Wisconsin-Minnesota comparison was flawed

This op-ed appeared July 28, 2018 in the Star Tribune

In “Progressive policies in Minnesota are working for workers” (July 26), her counterpoint to an earlier column from Prof. Noah Williams, Katie Hatt of the North Star Policy Institute writes as follows:

“Studies that consider only one pair of states — like the one cited in the earlier commentary … are inferior guides upon which to evaluate the impacts of public policies.”

And yet, in the next three paragraphs, Hatt goes on to use the findings of a May 2018 study by the Economic Policy Institute (EPI) to do that very thing — to consider only one pair of states in evaluating the impacts of public policies.

It is even the very same two states.

Hatt should heed her own advice. The EPI report makes a number of bogus claims based on cherry-picked data.

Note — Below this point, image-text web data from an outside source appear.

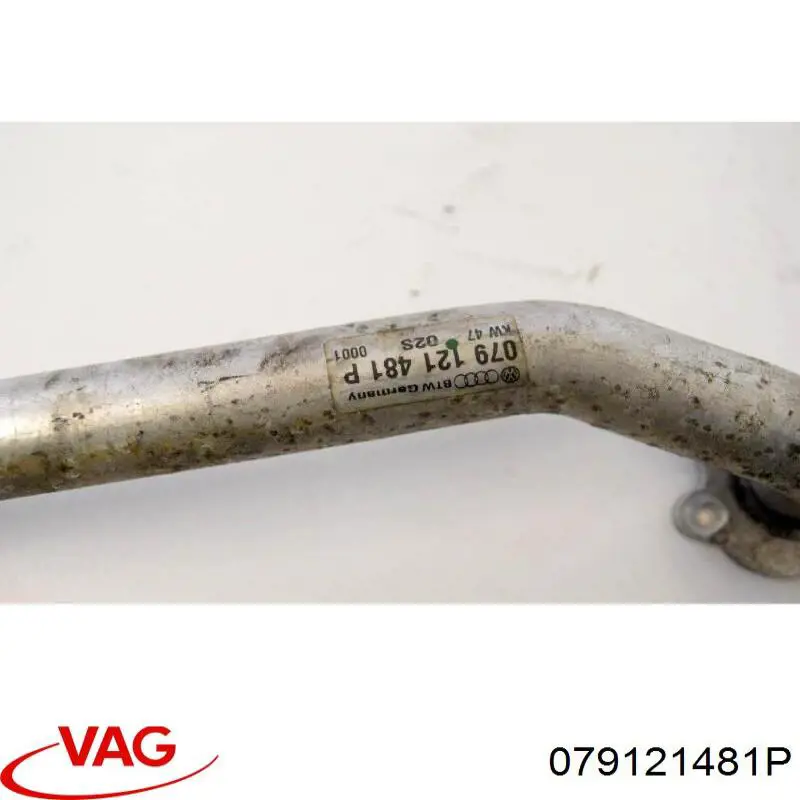  079121481P VAG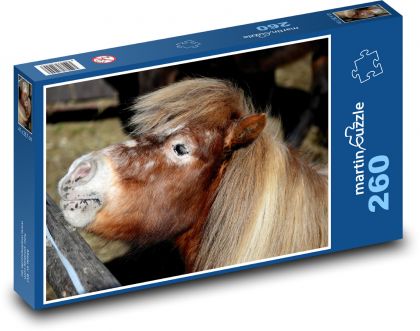 Kuc szetlandzki - źrebię, koń - Puzzle 260 elementów, rozmiar 41x28,7 cm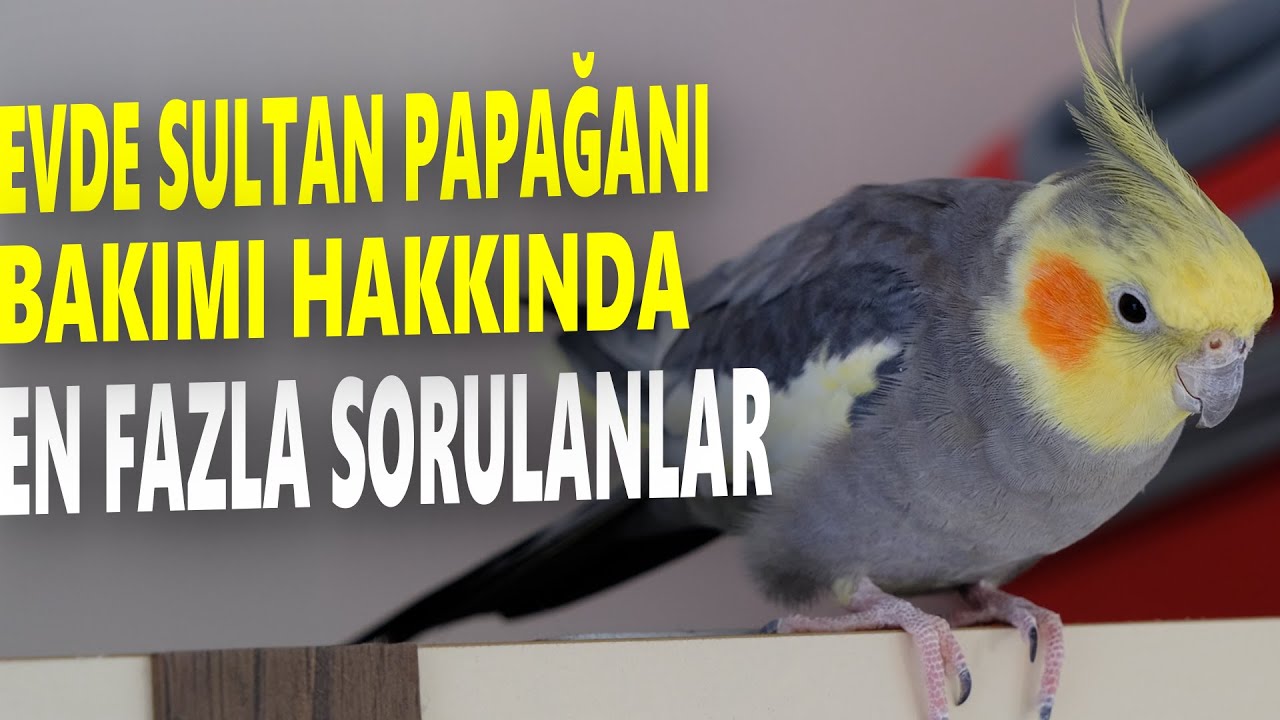 Evde Sultan Papağanı Bakmanın Zorlukları (SULTAN PAPAĞANI BAKIMI ZOR MU)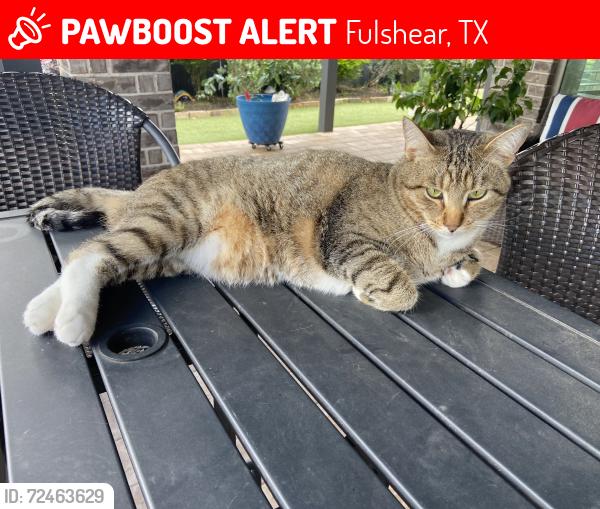 Lost Male Cat last seen Cross Creek Bend & Golden Manor, Fulshear, TX 77441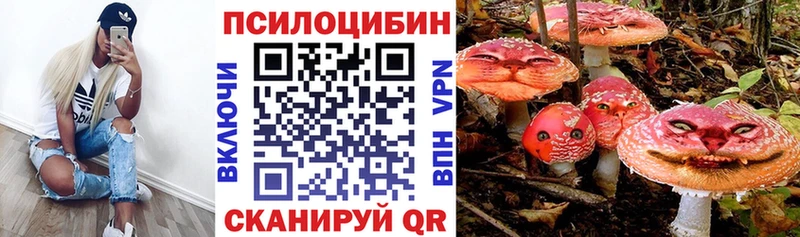 купить наркотики цена  мега tor  Галлюциногенные грибы мицелий  Каменск-Шахтинский 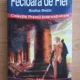FECIOARA DE FIER - RODICA BRETIN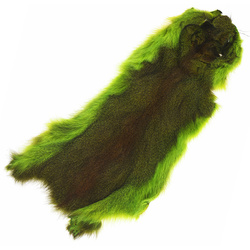 Wapsi Pelle intera di Pine Squirrel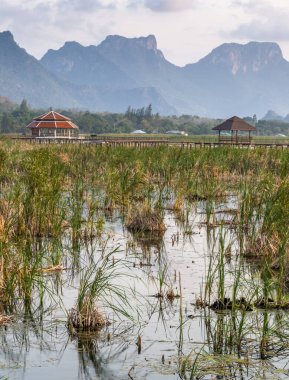 Tatlı su bataklığı ve Tayland 'ın en büyük sulak arazisi, mangrov ormanları, kuş türleri ve ekosistemlerin geniş çeşitliliği, tahta kaldırımlar, nilüferler ve dağ manzarası üzerinde doğa yürüyüşü..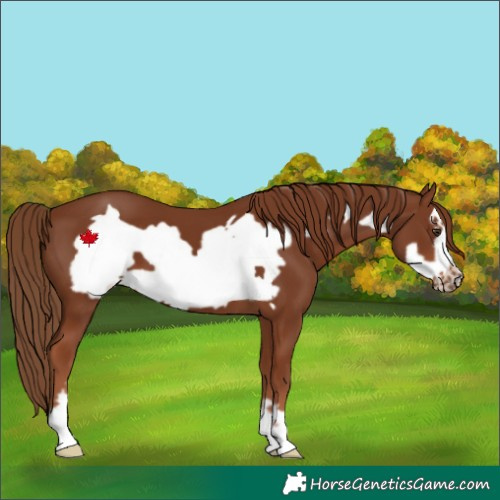 Horse Color:Chestnut Frame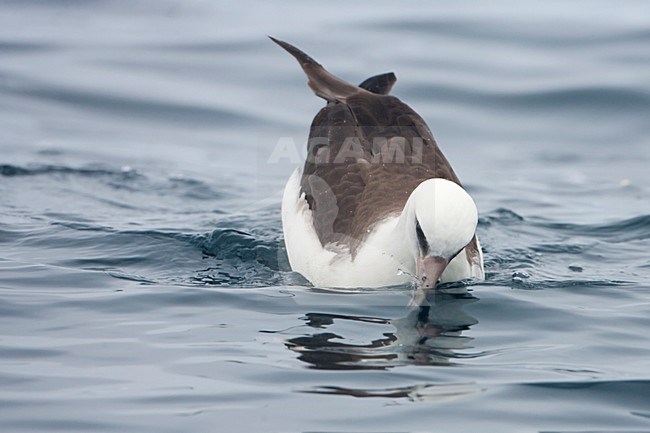 Zwemmende Laysanalbatros; Swimming Laysan Albatross stock-image by Agami/Martijn Verdoes,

For example, it uses annual data for 2010 to 2016 to claim that Minnesota’s economy has grown faster than Wisconsin’s since January 2011. But we have quarterly data available running from the final quarter of 2010 — a more precise starting point — into the last quarter of 2017. These more precise data show that over this period, in real terms, Minnesota’s economy grew by 10.9 percent and Wisconsin’s by 11.9 percent.

And there are plain misrepresentations. The EPI notes that, by December 2017, Wisconsin and Minnesota “have reached effectively the same unemployment rate, at 3 percent and 3.1 percent, respectively” and argues that “Minnesota was back at its pre-recession (December 2007) unemployment rate of 4.7 percent by September 2013, fewer than three years after Governor Dayton took office. In contrast, it took until December of 2014 — 15 months later — for Wisconsin to reach its pre-recession unemployment rate of 4.8 percent.”

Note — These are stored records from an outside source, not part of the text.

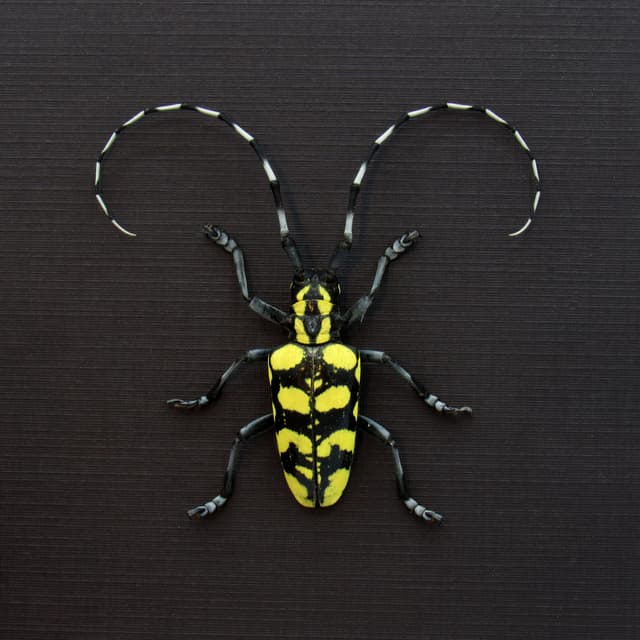 Real yellow Longhorn beetle framed taxidermy - Anoplophora horsfieldi tonkinensis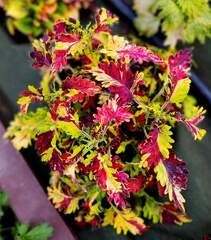 Golden Spark Тай колеус КСР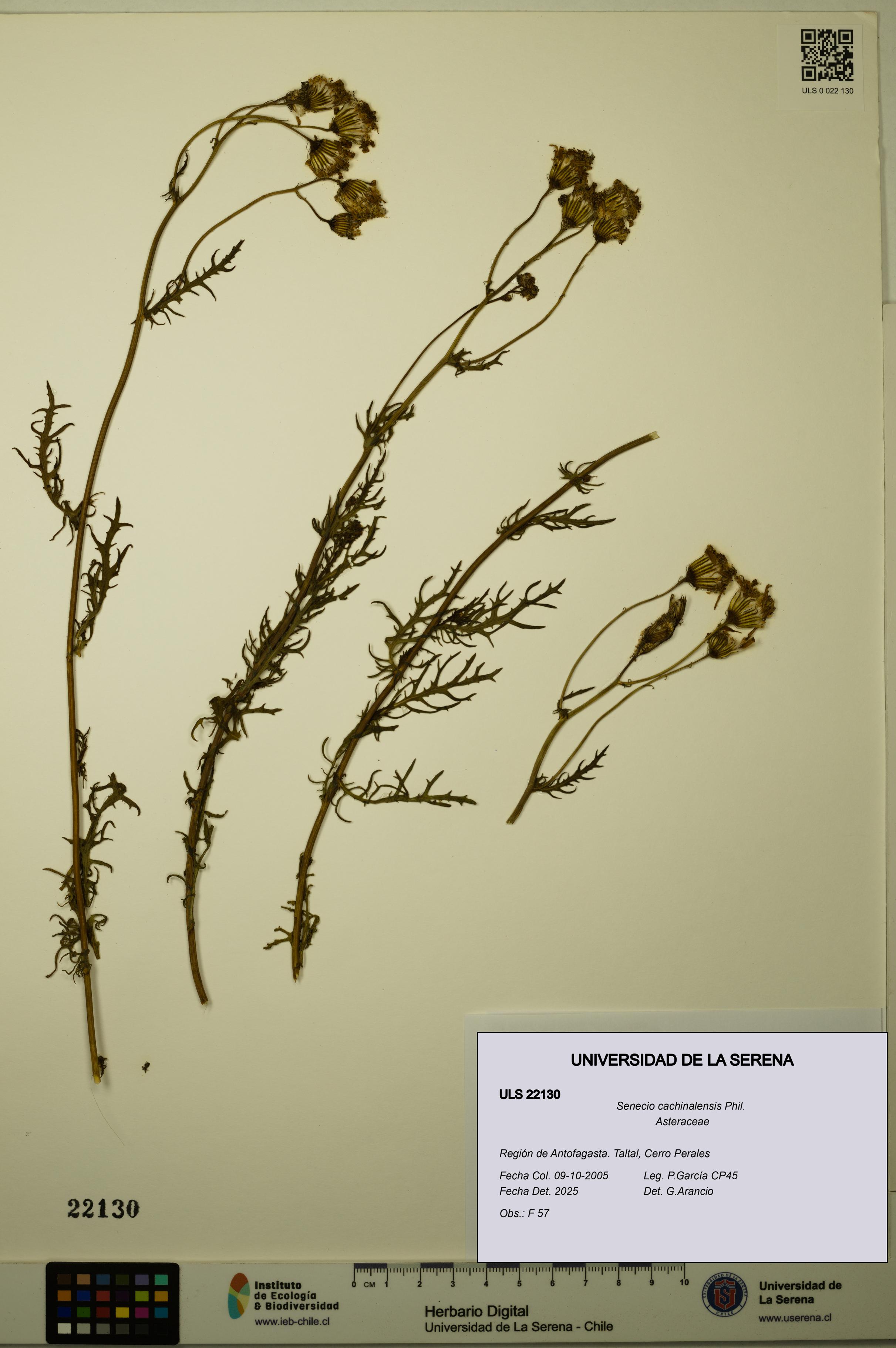 Senecio cachinalensis [Espécimen: ULS:ULS:0022130]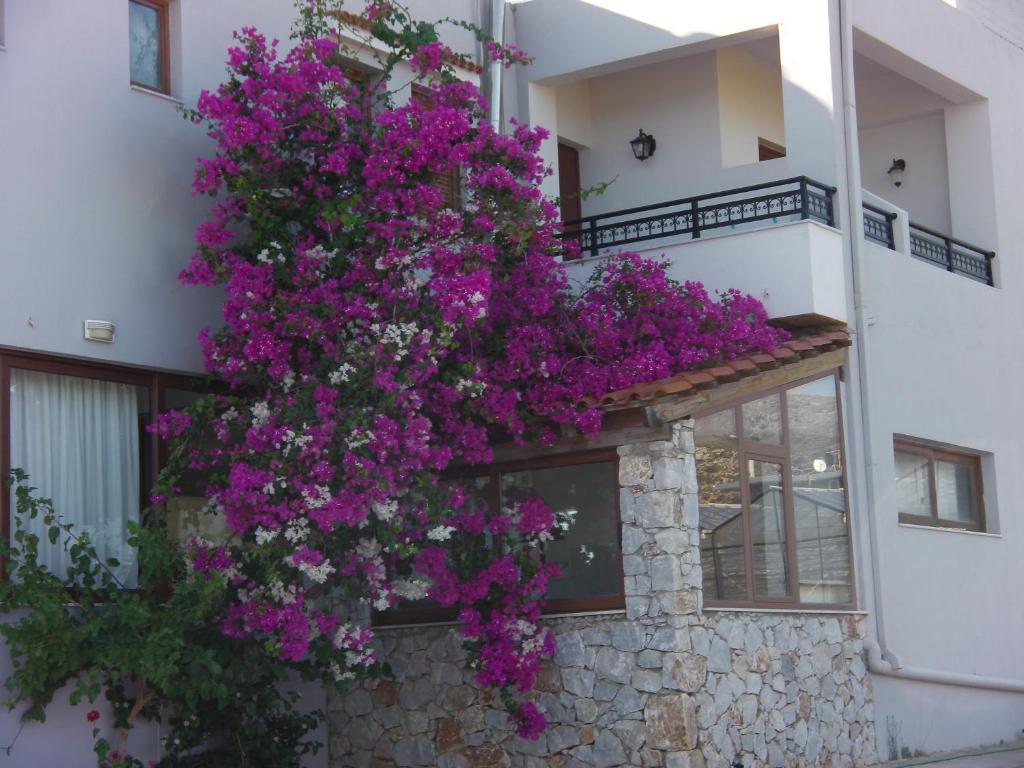 Serenity Hideaway Palaiochora Cameră foto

But the EPI fails to mention that in the race to these pre-recession levels of unemployment, Wisconsin was starting from a rate of 8.1 percent and Minnesota was starting from a rate of 7.1 percent. From December 2010 to March 2018, Wisconsin’s unemployment rate fell by 5.2 percentage points to 2.9 percent, while Minnesota’s fell by 3.9 percentage points to 3.2 percent.

On the minimum wage specifically, Hatt writes, “As a resident of Minneapolis, I can attest that the sky is not falling following the City Council’s passage of a $15 minimum wage ordinance last year.”

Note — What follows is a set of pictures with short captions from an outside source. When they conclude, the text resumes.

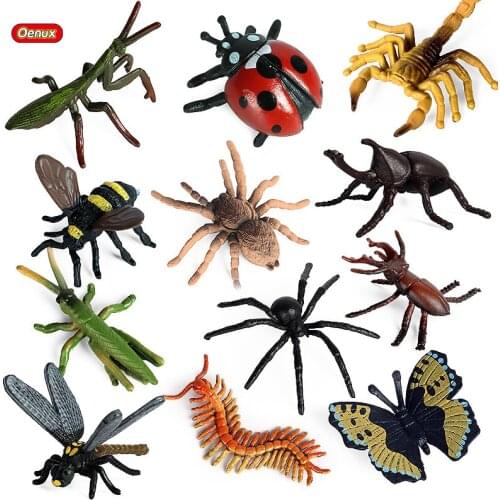 Oenux 12pcs Mini Insect Animals Model Butterfly Spider Bee Mantis Scorpion Action Figures Figurine Miniature Educational Kid Toy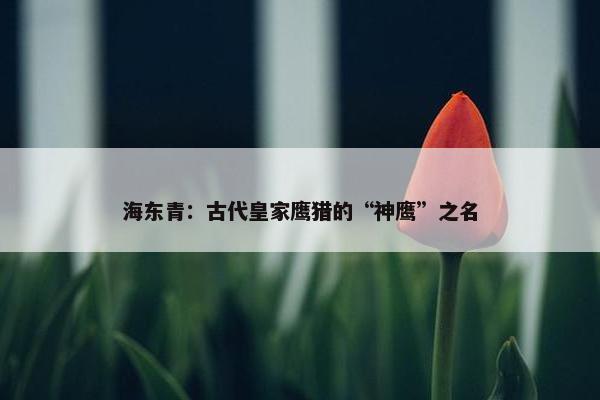 海东青：古代皇家鹰猎的“神鹰”之名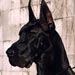 greatdane18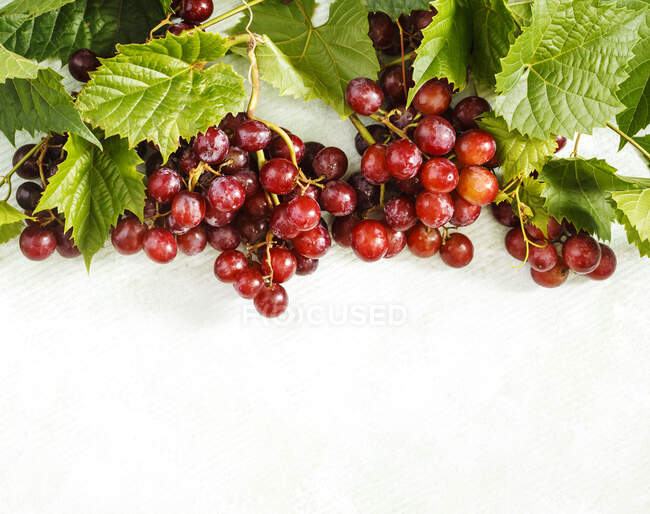 Des grappes de raisins rouges sur fond blanc — Photo de stock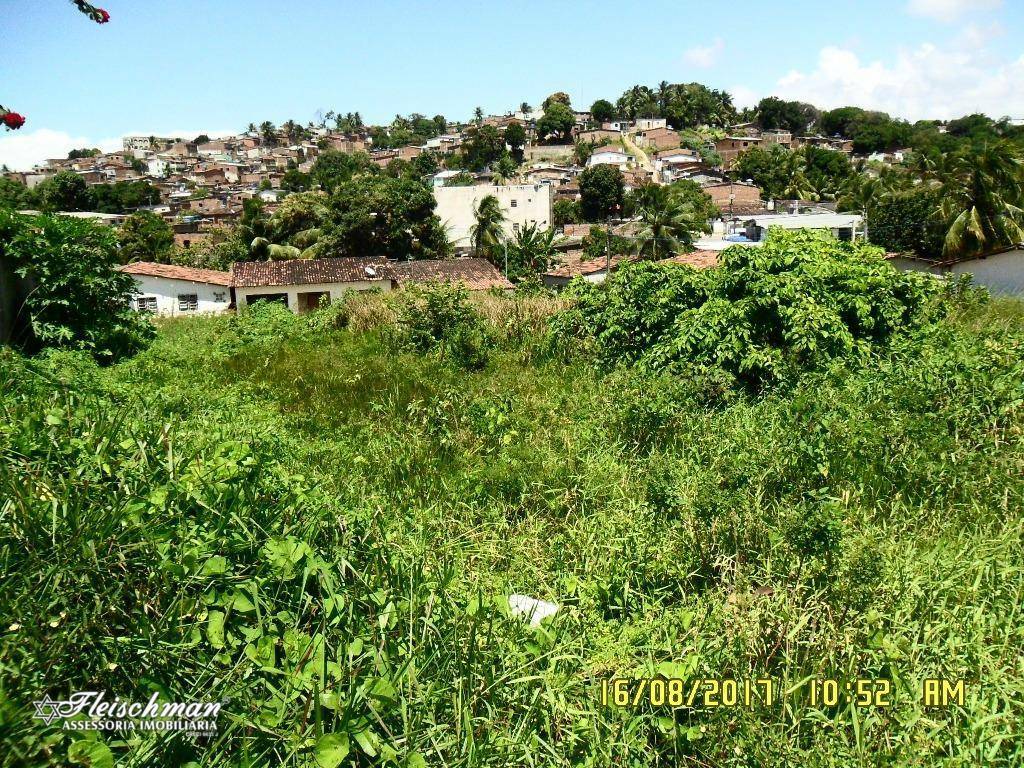 Terreno à venda, 6600M2 - Foto 16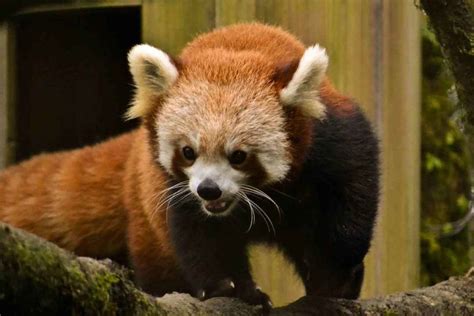The Elusive Red Panda At Darjeeling Zoo Tripoto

Well, as the grandson of a 20-cigarette-a-day smoker who died at 86, I could attest that smoking isn’t bad for you. But anecdote is not the singular of data, and it is data upon which we must base public policy decisions.

What do the data show about the employment impact of minimum wages? In 2008, economists David Neumark and William L. Wascher surveyed two decades of research. They found that “minimum wages reduce employment opportunities for less-skilled workers … [that] a higher minimum wage tends to reduce rather than to increase the earnings of the lowest-skilled individuals … [that] minimum wages do not, on net, reduce poverty … [and that] minimum wages appear to have adverse longer-run effects on wages and earnings.”

In 2014, along with economist J.M. Ian Salas, they examined the subsequent literature and concluded “that the evidence still shows that minimum wages pose a trade-off of higher wages for some against job losses for others … ”

Prof. Williams is right about the minimum wage; the weight of evidence supports him. Data matter.

John Phelan is an economist at the Center of the American Experiment.